Meu apreço por ler memórias ganhou novo capítulo com O Lugar, de Annie Ernaux (tradução de Marília Garcia, editora Fósforo). O livro é pequeno, menos de 70 páginas, e não entraria na minha seleção mundial do gênero; mas é muito interessante.
Francesa, nascida na província, a autora faz aqui um livro sobre seu pai, e mais genericamente sobre sua mudança de vida, que foi geográfica, porque saiu para a capital, e foi social, porque ela mudou de classe. Neta de trabalhador rural analfabeto, filha de um pai operário que chegou a ter um pequeno comércio, ela se tornou professora e escritora.
Essa alteração a fez ver coisas antes invisíveis. Não era apenas o lado evidente da mudança, mas o sutil implicado nela — o pai era um homem da classe trabalhadora de corpo e alma, que não dominava os códigos implícitos das classes letradas e confortáveis. O livro se debruça sobre pequenas cenas, olhares, recusas, desconfortos, incompreensões, que atravessam a relação da autora com seu pai, e secundariamente com sua mãe.
Se transportarmos a mesma questão para o Brasil, bá, teríamos um material farto e quase nada mapeado. A França, como outros países centrais do ocidente, estrutura-se em classes muito mais nítidas e estáveis, mais antigas, de forma que as passagens de uma a outra implicam alterações que estão mapeadas em toda a história do romance, com Balzac, e da sociologia, com Bourdieu.
Como isso ocorre no Brasil, especialmente no Brasil das últimas décadas?
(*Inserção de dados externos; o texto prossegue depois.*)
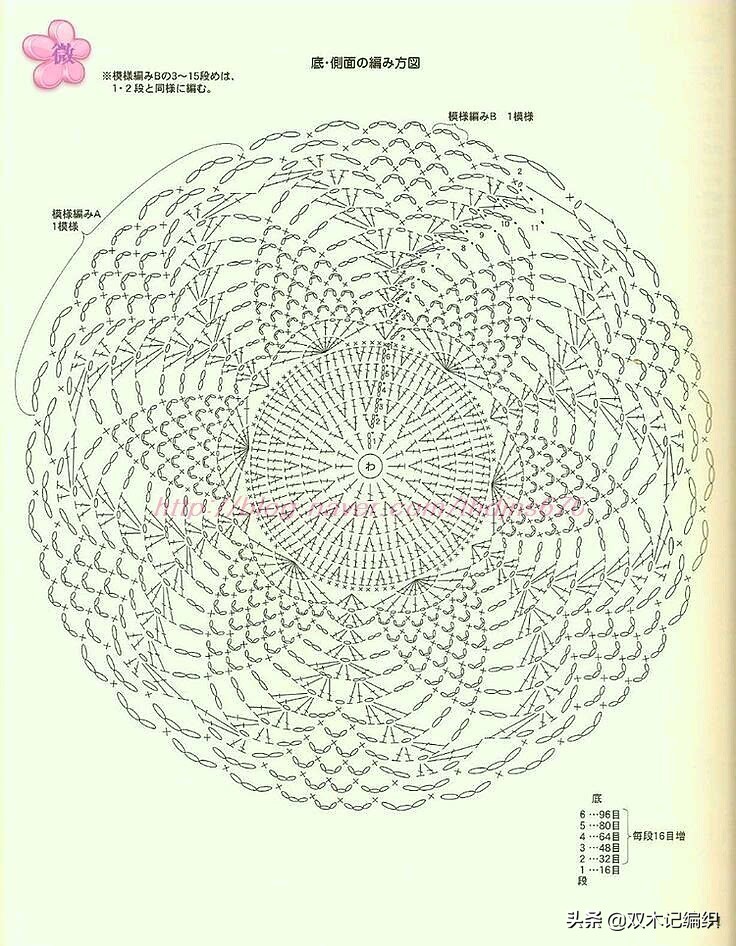 钩针网格购物袋图解,菠萝花钩针蛋袋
Escritores nascidos nas periferias ou nas lonjuras do sertão, muitos deles negros, têm publicado narrativas e poemas, de maior ou menor força, com foco talvez maior no processo de confronto social aberto do que nos bastidores éticos implicados.
O livro de Annie Ernaux ajuda a pensar no caso, e quem sabe ilumine também a nossa realidade.